Now, as someone who is gay, I don't think this entirely means he isn't gay, which is why I'm giving the option of him as a gay man or an asexual one. His lack of understanding when a male receptionist at a hotel (played by Alan Cumming) is blatantly flirting with him could be a reflection of his lack of understanding of his sexual orientation, or perhaps a damning piece of evidence of it -- hence why I believe both interpretations are correct.

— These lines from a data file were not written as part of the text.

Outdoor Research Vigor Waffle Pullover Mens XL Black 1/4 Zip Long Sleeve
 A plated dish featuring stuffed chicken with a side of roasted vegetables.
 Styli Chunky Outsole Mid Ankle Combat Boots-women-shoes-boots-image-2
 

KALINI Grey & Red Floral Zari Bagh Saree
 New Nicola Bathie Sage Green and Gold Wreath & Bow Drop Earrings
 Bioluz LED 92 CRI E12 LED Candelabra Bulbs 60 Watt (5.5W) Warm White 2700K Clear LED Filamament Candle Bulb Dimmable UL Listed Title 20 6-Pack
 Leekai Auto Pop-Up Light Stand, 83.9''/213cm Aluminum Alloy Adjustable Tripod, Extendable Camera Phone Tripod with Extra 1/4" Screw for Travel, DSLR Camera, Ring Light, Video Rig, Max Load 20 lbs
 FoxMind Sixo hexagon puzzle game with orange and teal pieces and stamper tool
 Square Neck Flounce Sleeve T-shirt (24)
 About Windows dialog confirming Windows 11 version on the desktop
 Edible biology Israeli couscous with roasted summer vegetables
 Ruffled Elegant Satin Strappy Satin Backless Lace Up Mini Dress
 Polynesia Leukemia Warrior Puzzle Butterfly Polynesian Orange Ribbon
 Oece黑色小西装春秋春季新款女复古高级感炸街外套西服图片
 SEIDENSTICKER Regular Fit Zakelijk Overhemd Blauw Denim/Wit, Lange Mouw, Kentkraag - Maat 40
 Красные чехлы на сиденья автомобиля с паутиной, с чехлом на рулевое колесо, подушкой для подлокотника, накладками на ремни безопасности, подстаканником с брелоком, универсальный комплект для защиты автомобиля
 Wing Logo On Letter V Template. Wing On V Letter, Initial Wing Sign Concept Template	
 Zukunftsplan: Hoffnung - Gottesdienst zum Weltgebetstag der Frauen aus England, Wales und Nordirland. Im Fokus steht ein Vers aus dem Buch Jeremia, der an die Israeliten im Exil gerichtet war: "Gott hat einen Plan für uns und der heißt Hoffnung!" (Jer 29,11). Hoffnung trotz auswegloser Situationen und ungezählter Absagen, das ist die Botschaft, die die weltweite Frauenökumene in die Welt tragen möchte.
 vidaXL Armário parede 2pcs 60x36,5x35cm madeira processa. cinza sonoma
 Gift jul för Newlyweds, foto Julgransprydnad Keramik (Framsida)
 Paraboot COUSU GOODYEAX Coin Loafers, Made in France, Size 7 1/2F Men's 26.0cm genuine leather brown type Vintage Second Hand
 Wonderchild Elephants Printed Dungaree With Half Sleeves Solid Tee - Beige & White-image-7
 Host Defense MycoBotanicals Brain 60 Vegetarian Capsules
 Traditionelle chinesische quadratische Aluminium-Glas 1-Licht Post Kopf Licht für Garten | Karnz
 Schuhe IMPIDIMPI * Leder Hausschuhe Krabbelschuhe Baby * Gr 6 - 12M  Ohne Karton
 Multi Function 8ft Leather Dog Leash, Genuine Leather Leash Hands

Of course, this is not to say that Traumnovelle was intending for this to be a story about sexual orientation. After all, Dr. Fridolin's Jewishness does seem to be a large component of the story, and German-speaking Jews in the 1920s certainly were facing a lot of rising tensions and societal discrimination, to say the very, very least. But the wonderful thing about adaptations of stories is that creators are able to change meanings and themes to apply to their context, and in a country where the drug cocktail to treat AIDS patients was released just years earlier, the story of a closeted gay man who views sex as ominous and confusing is pertinent, at least to me.
 
 
As for Tom Cruise's performance, it's very good. Not my personal favorite, but still demonstrative of his skills as an actor. His weariness seems genuine, and that's most likely because Kubrick ran him through the wringer throughout the filming of this movie. My favorite way to describe this movie to people is to say, "Watch Tom Cruise's and Nicole Kidman's marriage dissolve in real time!" because that's essentially what this movie was. Reportedly, Kubrick kept Cruise and Kidman away from each other during filming and repeatedly hounded them with deeply personal questions about themselves and their marriage for hours at a time. In addition to that, Andrew Morton claims in his biography on Cruise that members from the Church of Scientology were meddling with their relationship for independent reasons as well by instilling beliefs that Kidman was having affairs. I don't wish to speculate further, as this is a review of a film and not a gossip blog post, but needless to say, it adds a definite air of genuineness that makes this uncomfortable to watch, at times.